Il Laocoonte, nobilitato dalla puntuale citazione pliniana che ne permette l’immediata identificazione, trova immediatamente una consona sistemazione: già tre anni prima, infatti, Giulio II aveva incaricato Donato Bramante di sistemare la zona adiacente ai palazzi vaticani che diverrà il celeberrimo cortile del Belvedere.

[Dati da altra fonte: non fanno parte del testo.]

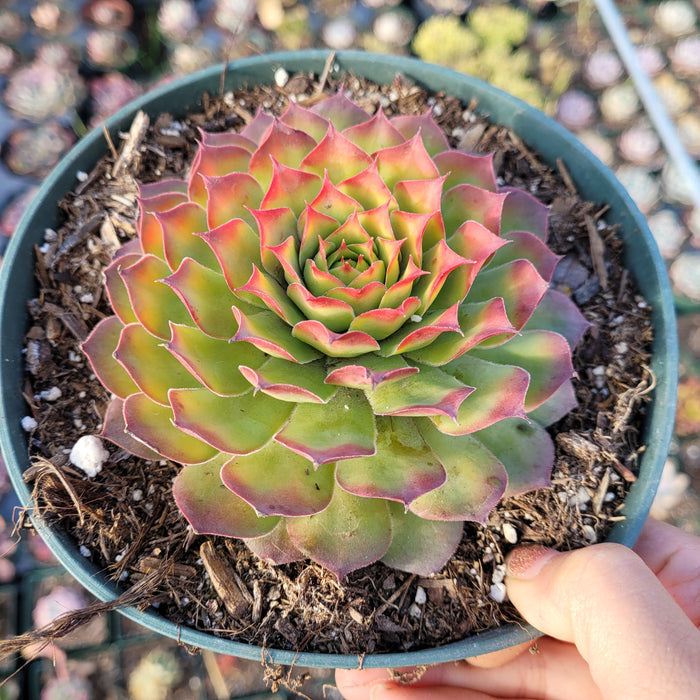 Sempervivum Chick Charms® Gold Nugget™ potted succulent in hand.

La struttura bramantesca e la raccolta ospitata si arricchiscono e, nel corso del secolo, vengono alterate per iniziativa dei successivi pontefici, conoscendo anche episodi di relativa sfortuna, come dimostra lo sbrigativo giudizio sunt idola antiquorum ("non sono altro che idoli degli antichi"), pronunciato da Adriano VI negli anni Venti, o la dispersione minacciata nel 1566 da Pio V, con la motivazione che "non conveniva a chi era successore di Pietro tener simili idoli in casa". Nel cortile, tuttavia, trovano progressivamente posto i capolavori della statuaria antica più ammirati e studiati, dal Torso del Belvedere alla Venus felix, ospitati in nicchie e strategicamente disposti. Quella del Belvedere è la più importante collezione a cielo aperto di statuaria antica, ma certo non è l’unica, né la prima: sempre a Roma, nel 1500, il cardinale Cesarini espone nel suo giardino le sculture classiche della sua collezione; in seguito, molto rinomata è la collezione del cardinale Dalla Valle, di cui – grazie a un’incisione – possiamo oggi ricostruire l’aspetto.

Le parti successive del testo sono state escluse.